ENPICOM Logo API Docs Python SDK Docs Events

enpi_api.examples.import_collections

Import clone collections

Examples on how to upload new clone collections from the uploaded files. Clone collections, which contain clones and sequences inside of them, are the primarly input for most of the applications and modules available in the ENPICOM-Platform. It's worth noting that the input files for clone collection must follow a set of rules and have to contain a number of mandatory columns. See documentation here for more details on this behavior.

Simple clone collection import

This example showcases the simples possible clone collection import configuration.

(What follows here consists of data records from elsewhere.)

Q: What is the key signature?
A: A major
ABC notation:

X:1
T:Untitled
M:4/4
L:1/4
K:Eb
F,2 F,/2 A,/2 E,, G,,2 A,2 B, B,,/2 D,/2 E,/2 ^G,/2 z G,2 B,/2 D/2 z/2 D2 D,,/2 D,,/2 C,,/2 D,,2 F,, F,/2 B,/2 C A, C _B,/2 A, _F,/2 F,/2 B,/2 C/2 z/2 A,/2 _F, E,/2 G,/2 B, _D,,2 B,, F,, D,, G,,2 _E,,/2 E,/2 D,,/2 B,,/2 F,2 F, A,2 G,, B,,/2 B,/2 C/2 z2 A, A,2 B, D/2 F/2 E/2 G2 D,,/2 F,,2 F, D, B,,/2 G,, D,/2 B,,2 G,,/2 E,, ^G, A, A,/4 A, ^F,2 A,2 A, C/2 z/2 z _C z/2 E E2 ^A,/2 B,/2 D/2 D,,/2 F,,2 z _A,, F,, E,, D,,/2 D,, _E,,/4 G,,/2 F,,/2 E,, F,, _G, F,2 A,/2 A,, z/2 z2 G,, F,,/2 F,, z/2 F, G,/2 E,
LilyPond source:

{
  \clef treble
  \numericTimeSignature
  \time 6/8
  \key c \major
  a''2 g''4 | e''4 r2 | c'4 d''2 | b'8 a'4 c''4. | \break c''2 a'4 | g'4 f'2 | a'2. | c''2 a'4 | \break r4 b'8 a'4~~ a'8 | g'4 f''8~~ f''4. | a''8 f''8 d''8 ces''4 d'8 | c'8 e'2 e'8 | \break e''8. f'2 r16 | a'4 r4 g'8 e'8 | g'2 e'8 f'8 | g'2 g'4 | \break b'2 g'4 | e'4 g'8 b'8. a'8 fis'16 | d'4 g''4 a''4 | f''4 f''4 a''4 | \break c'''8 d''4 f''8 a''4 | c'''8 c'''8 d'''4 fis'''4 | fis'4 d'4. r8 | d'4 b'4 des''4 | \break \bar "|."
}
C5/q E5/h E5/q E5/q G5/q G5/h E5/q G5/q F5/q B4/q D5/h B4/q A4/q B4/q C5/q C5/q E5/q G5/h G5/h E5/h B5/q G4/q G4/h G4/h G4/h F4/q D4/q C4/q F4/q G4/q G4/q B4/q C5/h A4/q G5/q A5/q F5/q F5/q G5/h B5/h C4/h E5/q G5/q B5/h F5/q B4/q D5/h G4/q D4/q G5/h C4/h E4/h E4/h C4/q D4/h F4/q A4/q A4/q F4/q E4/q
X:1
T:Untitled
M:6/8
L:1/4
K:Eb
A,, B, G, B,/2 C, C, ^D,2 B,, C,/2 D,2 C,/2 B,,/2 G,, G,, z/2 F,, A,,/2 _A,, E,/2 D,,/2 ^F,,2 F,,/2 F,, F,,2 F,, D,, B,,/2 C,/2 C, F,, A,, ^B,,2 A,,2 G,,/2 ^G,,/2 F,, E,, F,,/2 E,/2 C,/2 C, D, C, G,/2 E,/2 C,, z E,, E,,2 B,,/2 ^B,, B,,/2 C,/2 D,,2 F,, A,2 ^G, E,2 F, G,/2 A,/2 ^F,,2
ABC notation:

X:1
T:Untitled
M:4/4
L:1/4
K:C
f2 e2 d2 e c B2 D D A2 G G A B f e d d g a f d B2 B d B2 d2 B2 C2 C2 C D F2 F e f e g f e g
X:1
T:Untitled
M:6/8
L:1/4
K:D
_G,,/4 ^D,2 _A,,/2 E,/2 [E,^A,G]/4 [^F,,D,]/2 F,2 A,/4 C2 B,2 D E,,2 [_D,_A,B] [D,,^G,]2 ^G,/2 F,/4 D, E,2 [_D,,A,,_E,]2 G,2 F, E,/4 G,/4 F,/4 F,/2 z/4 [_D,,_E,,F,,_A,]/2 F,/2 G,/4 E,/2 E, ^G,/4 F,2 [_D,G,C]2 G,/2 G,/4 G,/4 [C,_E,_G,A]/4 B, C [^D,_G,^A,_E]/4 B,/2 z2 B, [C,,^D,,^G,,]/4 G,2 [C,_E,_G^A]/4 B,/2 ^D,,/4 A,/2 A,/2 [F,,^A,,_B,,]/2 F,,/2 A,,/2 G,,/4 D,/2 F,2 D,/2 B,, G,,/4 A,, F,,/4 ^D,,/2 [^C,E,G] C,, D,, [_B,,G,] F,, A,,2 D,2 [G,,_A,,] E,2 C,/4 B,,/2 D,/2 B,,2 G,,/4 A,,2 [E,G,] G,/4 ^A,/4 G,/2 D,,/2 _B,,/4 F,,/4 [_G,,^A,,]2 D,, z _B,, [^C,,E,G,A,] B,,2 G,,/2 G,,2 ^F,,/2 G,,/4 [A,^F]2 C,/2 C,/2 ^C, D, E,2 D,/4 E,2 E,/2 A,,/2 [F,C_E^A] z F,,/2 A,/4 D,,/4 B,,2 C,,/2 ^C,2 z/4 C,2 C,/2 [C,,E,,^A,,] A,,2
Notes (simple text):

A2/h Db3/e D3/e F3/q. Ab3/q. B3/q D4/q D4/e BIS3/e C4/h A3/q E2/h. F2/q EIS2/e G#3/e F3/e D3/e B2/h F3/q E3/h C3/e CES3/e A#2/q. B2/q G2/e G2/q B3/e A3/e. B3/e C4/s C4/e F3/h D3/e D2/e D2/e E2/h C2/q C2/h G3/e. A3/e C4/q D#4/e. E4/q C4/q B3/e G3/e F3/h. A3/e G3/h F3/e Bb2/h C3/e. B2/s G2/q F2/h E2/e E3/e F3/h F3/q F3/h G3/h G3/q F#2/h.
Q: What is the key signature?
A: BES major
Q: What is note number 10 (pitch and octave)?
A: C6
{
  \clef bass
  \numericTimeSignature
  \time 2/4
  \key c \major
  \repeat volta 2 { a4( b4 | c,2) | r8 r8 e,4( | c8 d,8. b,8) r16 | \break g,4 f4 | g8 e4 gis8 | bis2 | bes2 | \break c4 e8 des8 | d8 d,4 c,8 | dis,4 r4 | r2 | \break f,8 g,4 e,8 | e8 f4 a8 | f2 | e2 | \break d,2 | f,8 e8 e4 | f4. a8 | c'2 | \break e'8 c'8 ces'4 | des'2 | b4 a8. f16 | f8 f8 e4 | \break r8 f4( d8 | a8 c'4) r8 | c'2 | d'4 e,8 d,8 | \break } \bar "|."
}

from enpi_api.l2.client.enpi_api_client import EnpiApiClient

"""This example assumes that the file referenced below exists and that its content matches the following structure:
Name,Organism,Sequence Count,Full Sequence Nucleotides,Receptor Nucleotides,CDR3 Nucleotides,CDR3 Amino Acids,V Call,J Call,Productive
Example collection,Homo sapiens,1,ATCG,ATCG,ATCG,ATCG,IGHV3-19*13,IGHJ4*21,true
Example collection,Homo sapiens,1,ATCG,ATCG,ATCG,ATCG,IGHV3-19,IGHJ4,false
...

"""
import_file_path = "/data/example/input_file.csv"


with EnpiApiClient() as enpi_client:
    """The simplest version of a new collection import. It will upload the file internally
    and then run an import job on that file, which results in a new collection being created"""

    new_collection_metadata = enpi_client.collection_api.create_collection_from_csv(
        import_file_path,  # Path to the input CSV file
    ).wait()

    # Metadata of the newly uploaded collection
    print(new_collection_metadata)

Import collection with manual reference setting

This example showcases how to manually specify a reference for the imported collection and explains when it's required.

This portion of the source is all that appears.